Муза покрутилась перед трюмо, поправила и без того безукоризненную укладку волос, темных и по-девичьи пышных, поразглаживала набивные цветы на груди и бедрах.
— Нет, мы еще хоть куда, Любаха!
— Ты все такая же попрыгунья, Муззал, — сказала Люба. Она обрадовалась гостье, хотя последние годы и чувствовала к ней что-то вроде неприязни.
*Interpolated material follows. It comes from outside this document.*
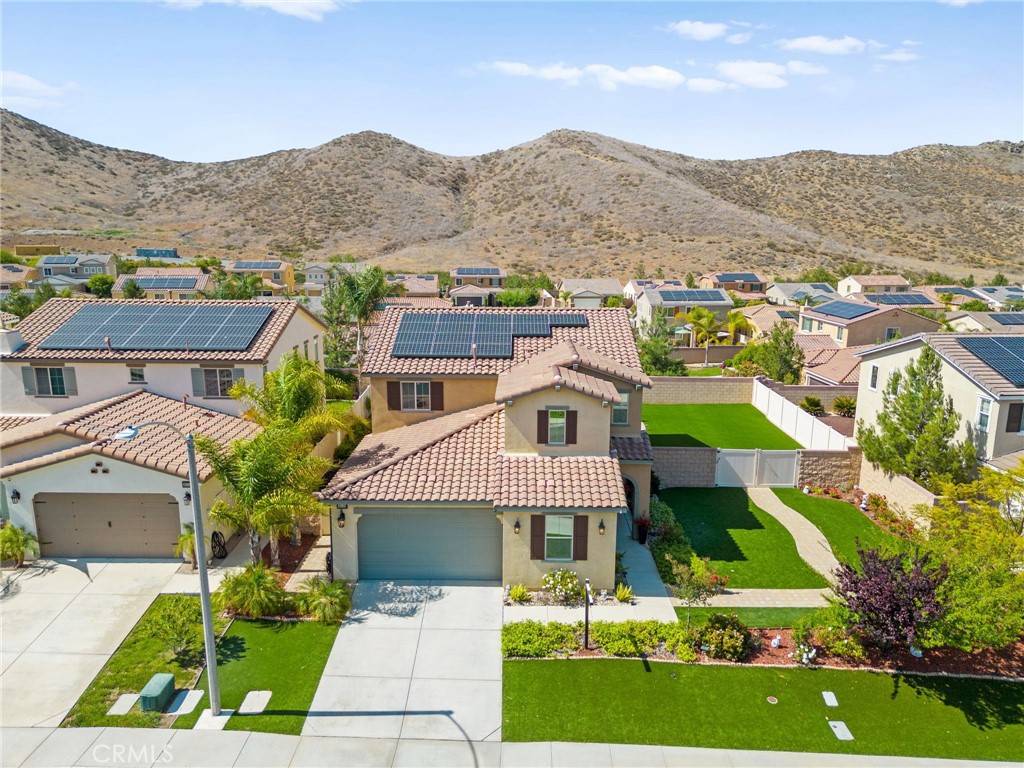 Lake Elsinore, CA 92532,36438 Geranium DR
А Муза все охорашивалась перед зеркалом. Поворачивалась то одним боком, то другим, закидывала голову, принимая позы, заимствованные из журналов мод. Перепробовала все дежурные улыбки: обольстительные, просто веселые, строго-любезные, лукавые. Пыталась она, чуть приседая, улыбаться «по-дьявольски», улыбаться заразительно, а затем «безумно-бешено», но в конце концов склонила голову набок и застыла с улыбкой горестной… Словно поразила ее крайне неприятная новость или стряслась с ней великая беда. Лицо стало обиженно-плаксивым, она расслабленно подошла к дивану, села и замерла, даже ногу на ногу не положила. Опустила подсиненные глаза, выражая молчаливую скорбь.
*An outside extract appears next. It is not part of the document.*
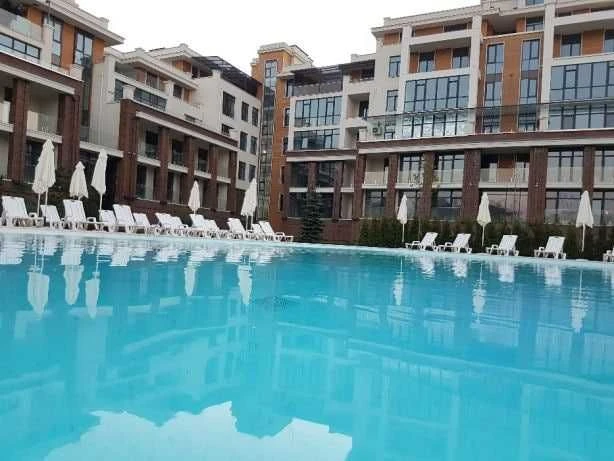 I will sell an apartment with a terrace in the elite Comfort City residential complex of 58.7 m²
— Что-нибудь случилось? — спросила Люба. Она не завидовала новому костюму подруги и внутренне не одобряла ее манеры. Она знала, что Музе время от времени надо пооткровенничать, посплетничать, посетовать на что-нибудь. Много раз изливала Муза свою душу перед подругой, а выговорившись и наохавшись, насидевшись с Любой в обнимку, успокаивалась и снова становилась разбитной и неуемной, «Муззалом».